Buitengerechtelijke kosten
3.11.
[eiser] vordert vergoeding van buitengerechtelijke incassokosten. Nu [gedaagde] een particulier is, zijn alleen buitengerechtelijke incassokosten verschuldigd indien aan de vereisten van artikel 6:96 lid 6 BW is voldaan. Dat is niet het geval. Een van de vereisten is dat in de zogeheten ‘veertiendagenbrief’ het juiste bedrag aan buitengerechtelijke incassokosten wordt aangezegd.

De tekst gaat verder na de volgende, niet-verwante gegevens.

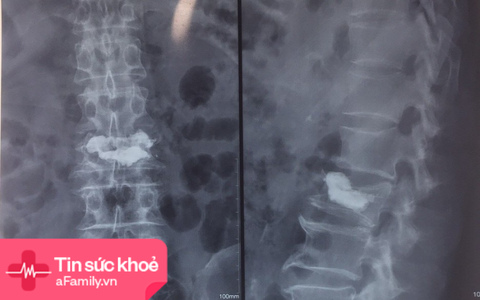Bơm xi măng sinh học cứu cụ ông 83 tuổi thoát cảnh bại liệt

Het bedrag dat in de brief van 20 mei 2021 is gevorderd aan buitengerechtelijke kosten is echter (aanmerkelijk) hoger dan op grond van het Besluit is toegestaan (namelijk: € 2.836,67). De gevorderde buitengerechtelijke kosten zullen daarom worden afgewezen.
Totale vordering
3.12.
In totaal moet [gedaagde] aan [eiser] € 13.375,71 betalen, te vermeerderen met de wettelijke rente vanaf 10 juni 2021.
De proceskosten
3.13.
De rechtbank ziet aanleiding in de aard van de relatie tussen partijen (vader en zoon) om de proceskosten te compenseren, in die zin dat elke partij de eigen kosten draagt.

4.De beslissing

De rechtbank:
4.1.
veroordeelt [gedaagde] om aan [eiser] te betalen een bedrag van € 13.375,71, te vermeerderen met de wettelijke rente als bedoeld in artikel 6:119 BW over dat bedrag met ingang van 10 juni 2021, tot de dag van volledige betaling;
4.2.
verklaart dit vonnis tot zover uitvoerbaar bij voorraad;
4.3.
compenseert de proceskosten in die zin dat elke partij de eigen kosten draagt;
4.4.
wijst het meer of anders gevorderde af.
Dit vonnis is gewezen door mr. H.J. ter Meulen en in het openbaar uitgesproken op 8 maart 2023.